Kornilovich, Aleksandr
Kornilovich, Aleksandr Osipovich
Born July 7 (19), 1800, in Mogilev Podol’skii, present-day Vinnitsa Oblast; died Aug. 30 (Sept. 11), 1834, near Tbilisi. Decembrist; historian by profession.
Kornilovich was educated in the Odessa lycee and a school for column leaders. Together with D. P. Buturlin, he began archival research in 1816 on the military history of Peter Fs reign and the Patriotic War of 1812. Between 1822 and 1824 he published a number of articles dealing with the first quarter of the 18th century and the history of Russian geographical discoveries. In May 1825 he was admitted to the Decembrists’ Southern Society.
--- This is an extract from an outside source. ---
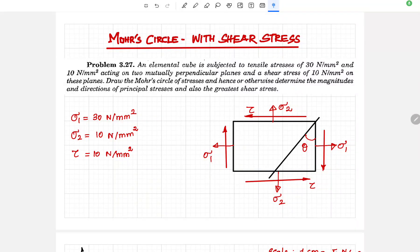In this video, we are going to see how to draw the Mohr circle to calculate the principal and maximum shear stresses.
He was entrusted with important missions by the VasiPkov Executive Board and carried messages between the Southern and Northern societies in the autumn of 1825. On Dec. 14, 1825, the day of the uprising, Kornilovich was present in Senate Square. He was sentenced to eight years of hard labor, followed by exile in Siberia. In 1828 he was brought from the Nerchinsk mines to the Peter and Paul Fortress, where he was confined until November 1832. At that time he was assigned to the Shirvan Infantry Regiment as a common soldier and sent to the Caucasus, where he died of typhus.